If you want to take extra steps to ensure your family will receive their inheritance, you might consider creating an irrevocable trust. This is a trust that holds money or property for another person. Since the trust owns the assets, it can protect them against lawsuits and creditor claims.
The Motley Fool explains that once you create an irrevocable trust, you cannot alter its terms or abolish it. If keeping control over the trust concerns you, you may wonder when you should go through with forming the trust.
Making the trust during your lifetime
Creating an irrevocable trust involves a number of steps. You should prepare a trust document that describes how your trustee will manage the trust. You will also have to pick someone to serve as the trustee. Another priority is to transfer ownership of property to the trust. Signing your trust document will put the trust into effect.

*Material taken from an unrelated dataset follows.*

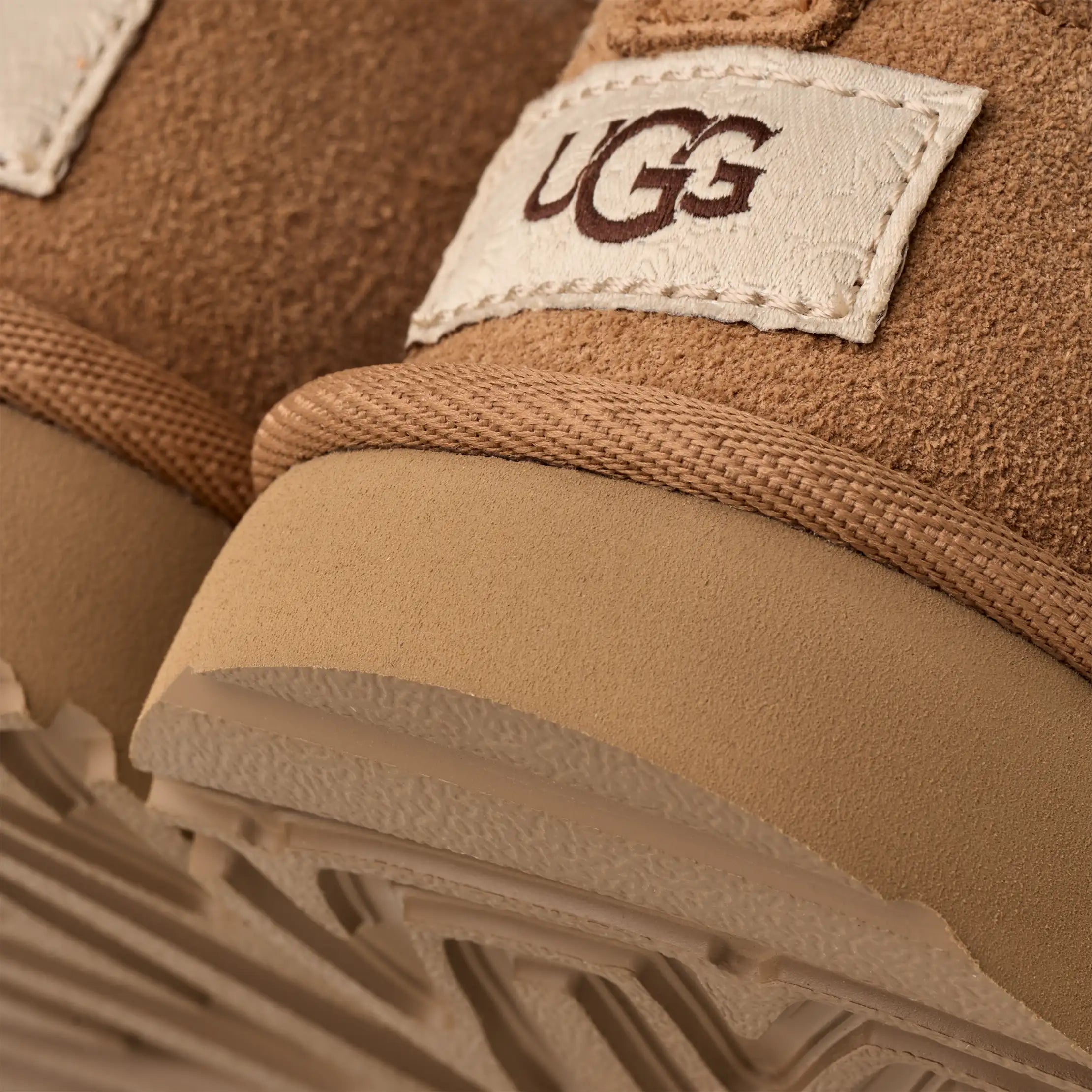 [1174410K-CHE] KIDS UGG CLASSIC MICRO SLIPPER 'CHESTNUT'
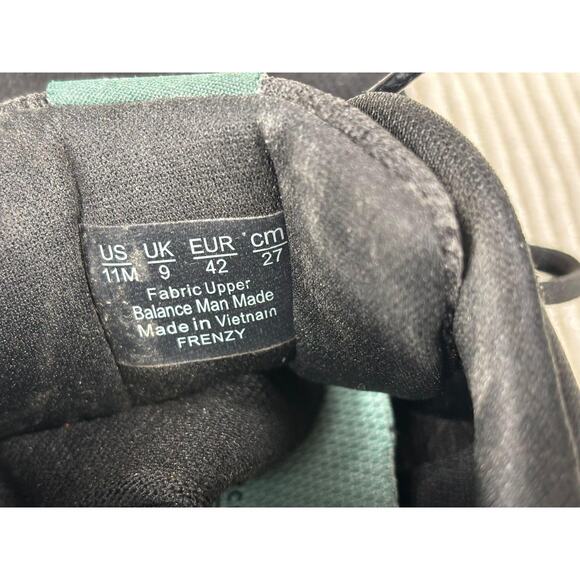 Ryka Frenzy Shoes Womens Size 11M Black Mesh Walking Running Athletic Trainers - Picture 5 of 8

Making a testamentary trust
Choosing a trustworthy trustee and giving instructions to run the trust provides you with a degree of control over the trust. However, if you worry that you will change your mind about how to manage the trust or what the trust should contain, you do not have to create the trust before your death. Instead, you can use your will to create your irrevocable trust.
While you are still alive, you can update your will to make changes in your trust. After you die, your estate executor will create a testamentary trust according to the terms left in your will. Your trustee will then take over the trust and begin administering it.
Consider your priorities
It may become necessary to make the trust as soon as possible so your children or other family members can start benefiting. The time you choose to create your irrevocable trust should depend on your priorities for your loved ones.